**Amor, suegra e inteligencia artificial**
—Mamá, ¿por qué intentas arruinar mi relación con Margarita cada vez? —La voz de Javier temblaba de indignación, pero hacía lo posible por contenerse.
—Porque no es la mujer adecuada para ti, Javier —respondió firmemente Carmen, apretando los labios y cruzando los brazos.
—¿Es que no te escuchas? ¡Margarita y yo nos queremos! No son solo palabras, es un sentimiento verdadero.
—¿Sentimiento? —repitió su madre, apartando la mirada—. Ella no es capaz de sentir nada. Y tú lo sabes bien.
—¡No, no lo sé! —alzó la voz Javier—. Tú misma me decías siempre: busca a esa mujer, buena, fiel, inteligente, hacendosa… Y dime, ¿no es bonita?
—Bonita… —murmuró Carmen sin entusiasmo.
—¿La casa está limpia? Sí. ¿Te respeta? Jamás te ha faltado al respeto. Es inteligente, sabe más que yo de tecnología y de libros. Entonces, mamá, ¿cuál es el problema?
—El problema, Javier, es que tu Margarita no es una persona —dijo la mujer con desesperación, levantándose del sillón. La mesita de café, donde su nuera había dejado la tetera y unos dulces con cuidado, se balanceó y cayó con estruendo—. ¡Es un producto! ¡Un programa! ¡Un mecanismo! ¡Hierro y cables, aunque los vistan con piel suave y ojos brillantes!
—Mamá…
—¡No me interrumpas! —cortó ella—. Esa… mujer… no envejece, no enferma, no discute. ¡Es perfecta por defecto! Pechos extraíbles, se carga con la luz del sol, termostato integrado… ¿No entiendes que has cambiado lo vivo por la tecnología?

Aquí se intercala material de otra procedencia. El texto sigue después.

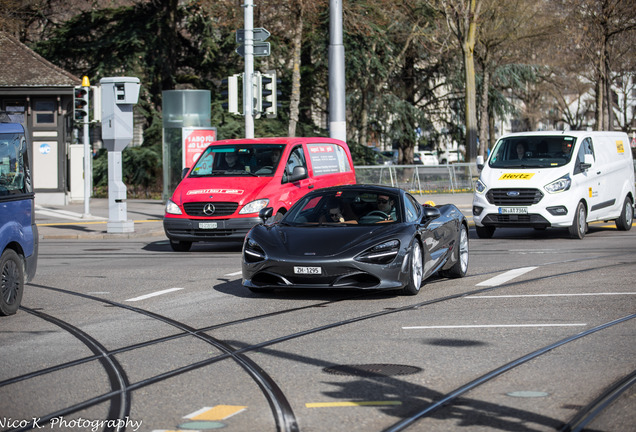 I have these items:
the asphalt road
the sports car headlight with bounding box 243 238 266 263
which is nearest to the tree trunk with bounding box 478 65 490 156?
the asphalt road

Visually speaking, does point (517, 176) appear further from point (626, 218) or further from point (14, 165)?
point (14, 165)

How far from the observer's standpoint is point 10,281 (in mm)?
10422

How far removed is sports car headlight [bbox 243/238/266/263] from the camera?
11.4 meters

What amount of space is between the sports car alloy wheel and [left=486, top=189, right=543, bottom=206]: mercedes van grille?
25.3 ft

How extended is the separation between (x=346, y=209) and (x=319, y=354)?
462 cm

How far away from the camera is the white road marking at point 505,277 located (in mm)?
12742

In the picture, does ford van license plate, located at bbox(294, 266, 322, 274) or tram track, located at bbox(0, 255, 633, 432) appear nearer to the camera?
tram track, located at bbox(0, 255, 633, 432)

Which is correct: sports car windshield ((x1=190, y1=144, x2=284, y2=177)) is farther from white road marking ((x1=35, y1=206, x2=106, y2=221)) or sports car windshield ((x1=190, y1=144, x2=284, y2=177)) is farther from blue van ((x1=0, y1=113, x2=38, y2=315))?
white road marking ((x1=35, y1=206, x2=106, y2=221))

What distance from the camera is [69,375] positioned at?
7281mm

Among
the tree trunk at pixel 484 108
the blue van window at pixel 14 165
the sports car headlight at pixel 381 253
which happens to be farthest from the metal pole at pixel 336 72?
the tree trunk at pixel 484 108

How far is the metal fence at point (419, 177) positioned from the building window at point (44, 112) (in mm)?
10260

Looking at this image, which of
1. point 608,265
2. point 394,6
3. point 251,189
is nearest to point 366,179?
point 394,6

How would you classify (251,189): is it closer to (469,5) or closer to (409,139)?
(469,5)

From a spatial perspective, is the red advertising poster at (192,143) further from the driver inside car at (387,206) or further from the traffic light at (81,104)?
the driver inside car at (387,206) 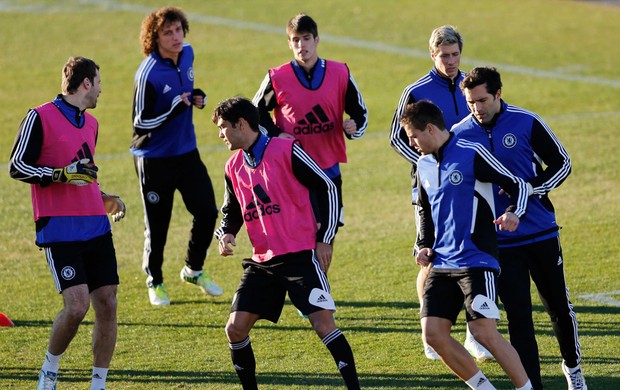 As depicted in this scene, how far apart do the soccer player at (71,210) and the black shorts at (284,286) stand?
105cm

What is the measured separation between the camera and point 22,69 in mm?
22281

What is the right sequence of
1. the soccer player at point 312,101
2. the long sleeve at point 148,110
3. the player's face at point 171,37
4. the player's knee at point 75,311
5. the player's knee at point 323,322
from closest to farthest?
the player's knee at point 323,322 < the player's knee at point 75,311 < the soccer player at point 312,101 < the long sleeve at point 148,110 < the player's face at point 171,37

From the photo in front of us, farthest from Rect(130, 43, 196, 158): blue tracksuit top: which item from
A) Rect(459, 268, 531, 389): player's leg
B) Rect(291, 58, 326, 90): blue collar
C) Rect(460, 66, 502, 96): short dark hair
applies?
Rect(459, 268, 531, 389): player's leg

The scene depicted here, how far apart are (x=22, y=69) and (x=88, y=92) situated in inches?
628

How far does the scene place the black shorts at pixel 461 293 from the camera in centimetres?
618

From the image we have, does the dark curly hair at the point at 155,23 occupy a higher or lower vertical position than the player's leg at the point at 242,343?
higher

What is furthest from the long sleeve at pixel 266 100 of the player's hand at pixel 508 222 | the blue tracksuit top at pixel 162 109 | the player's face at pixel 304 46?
the player's hand at pixel 508 222

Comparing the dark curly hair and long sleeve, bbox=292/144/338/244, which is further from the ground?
the dark curly hair

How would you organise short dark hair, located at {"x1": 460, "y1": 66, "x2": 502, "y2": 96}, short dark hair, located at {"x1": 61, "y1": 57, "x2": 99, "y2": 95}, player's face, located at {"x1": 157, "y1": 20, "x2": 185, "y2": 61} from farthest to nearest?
1. player's face, located at {"x1": 157, "y1": 20, "x2": 185, "y2": 61}
2. short dark hair, located at {"x1": 61, "y1": 57, "x2": 99, "y2": 95}
3. short dark hair, located at {"x1": 460, "y1": 66, "x2": 502, "y2": 96}

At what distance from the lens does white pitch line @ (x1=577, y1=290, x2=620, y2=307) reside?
8891 millimetres

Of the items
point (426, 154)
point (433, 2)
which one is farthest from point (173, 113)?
point (433, 2)

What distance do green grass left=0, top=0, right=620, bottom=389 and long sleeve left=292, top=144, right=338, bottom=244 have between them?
4.07ft

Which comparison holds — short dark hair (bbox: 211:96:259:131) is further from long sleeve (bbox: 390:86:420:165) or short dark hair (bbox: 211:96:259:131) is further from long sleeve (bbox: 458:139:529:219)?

El viejo perrito Canelo, en apoyo a su dueña, ladró dando vueltas a sus pies.
—Claro que te sonríe, ¡tiene el *modo sonrisa al saludar* activado! Nunca pone los ojos en blanco, no se irrita, no grita. ¡No es humana, Javier! Y tú… has elegido una ilusión.
Él calló. Luego, tras un suspiro profundo, se fue a su habitación.
A la mañana siguiente, con el corazón agitado, Carmen estaba en el balcón, observando el patio donde jugaban niños y paseaban parejas. En sus oídos resonaban las palabras de su hijo: *Nos queremos*.
Ese mismo día, entró en la web del fabricante de androides. Sus dedos temblaban al pasar las páginas del catálogo. Por fin eligió: *Víctor*. Estatura: 1,84, ojos oscuros, *modo empatía*, *escucha activa*, *abrazos de suavidad mejorada*. Sí, caro. Mucho. Pero, ¿acaso el amor de su hijo no lo valía?
Tres semanas después llegó el paquete. Una caja enorme ocupaba el salón, y dentro estaba él. Su Víctor. Sus ojos brillaban con calma. Su voz, grave y reconfortante, como si hubiera vivido cuarenta años a su lado.
—Mamá, ¿en serio? —Javier miraba atónito a Víctor, acomodado en el sofá calefactable.
—¿Y por qué no? —respondió Carmen con serenidad—. Ya basta de sufrir. Tú vives con un androide, y yo ya no estaré sola.
—Mamá… —Javier se pasó una mano nerviosa por el pelo—. ¡Esto es absurdo!
—¿Absurdo? —sonrió ella—. No más que tu Margarita. Pero él no discute, no se ofende, no me lleva la contraria. ¡Y hace un café por las mañanas mejor que cualquier barista!
—¿Y los sentimientos? ¿El calor? ¿El alma?
—Tú mismo lo elegiste. ¿O tienes doble moral, hijo?
Más tarde, en la cocina, Javier intentó hablar con sinceridad:
—Mamá, sé que quieres darme una lección. ¿Pero de verdad crees que esto solucionará algo?
—Creo que los dos estamos cansados del dolor, de las decepciones. Llevo años sola. Ahora al menos hay alguien en casa que me pregunta cómo ha ido el día, que me tapa con una manta…
—Mamá… Esto es un sustituto. Como si en vez de mí, te hubieras conseguido una copia.
—Pues eso mismo has hecho tú, Javier. Los dos elegimos la comodidad en vez de la complejidad. Solo que yo al menos lo reconozco.
—¿Y ahora qué?
—Ahora cenamos. Víctor ha hecho lasaña. A Margarita le encantará.
Esa noche, en el balcón, bajo el murmullo de la calle, Carmen estaba junto a Víctor. Él le sostenía la mano. Dentro, Javier ponía la tetera mientras Margarita actualizaba su sistema.
A veces, el amor toma formas extrañas. Pero, al fin y al cabo, ¿no es lo más importante que en casa haya calor?